Scott Aaronson, Shtetl-Optimized, Quantum Computing in the newz, here.
Today the 2012 Nobel Prize in Physics was awarded jointly to Serge Haroche and David Wineland, for “for ground-breaking experimental methods that enable measuring and manipulation of individual quantum systems.” I’m not very familiar with Haroche’s work, but I’ve known of Wineland for a long time as possibly the top quantum computing experimentalist in the business, setting one record after another in trapped-ion experiments.
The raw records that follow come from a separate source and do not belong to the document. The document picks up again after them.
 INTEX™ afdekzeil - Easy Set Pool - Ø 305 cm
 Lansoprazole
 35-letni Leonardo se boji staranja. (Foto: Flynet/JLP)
In awarding this prize, the Swedes have recognized the phenomenal advances in atomic, molecular, and optical physics that have already happened over the last two decades, largely motivated by the goal of building a scalable quantum computer (along with other, not entirely unrelated goals, like more accurate atomic clocks). In so doing, they’ve given what’s arguably the first-ever “Nobel Prize for quantum computing research,” without violating their policy to reward only work that’s been directly confirmed by experiment. Huge congratulations to Haroche and Wineland!!
Tom Simonite, technology review, The CIA and Jeff Bezos Bet on Quantum Computing, here. Great, now Mercer County Cash Register is going to have to build Quantum Ice Cream Trucks to get the Venture Capital folks to fund Dyna Colo. On the other hand, consider the fantastic anxious Barney Fife impressions the Nanex/Themis boys and Felix Salmon are going to thrown down when the first quantum mobile colo trades print from a helicopter hovering over Brookdale park.
Inside a blocky building in a Vancouver suburb, across the street from a dowdy McDonald’s, is a place chilled colder than anywhere in the known universe. Inside that is a computer processor that Amazon founder Jeff Bezos and the CIA’s investment arm, In-Q-Tel, believe can tap the quirks of quantum mechanics to unleash more computing power than any conventional computer chip. Bezos and In-Q-Tel are in a group of investors who are betting $30 million on this prospect.
Adrian Cho, Wired, Nobel Awarded to Scientists Who Learned to Control Quantum Systems, here.
Serge Haroche, 68, of the Collège de France and the École Normale Supérieure, both in Paris, pioneered the sculpting of a quantum state of light and the control of its interactions with a single atom. David Wineland, who is also 68, of the National Institute of Standards and Technology in Boulder, Colorado, developed techniques for controlling single charged atoms, or ions, and showed how they could be used to perform computations.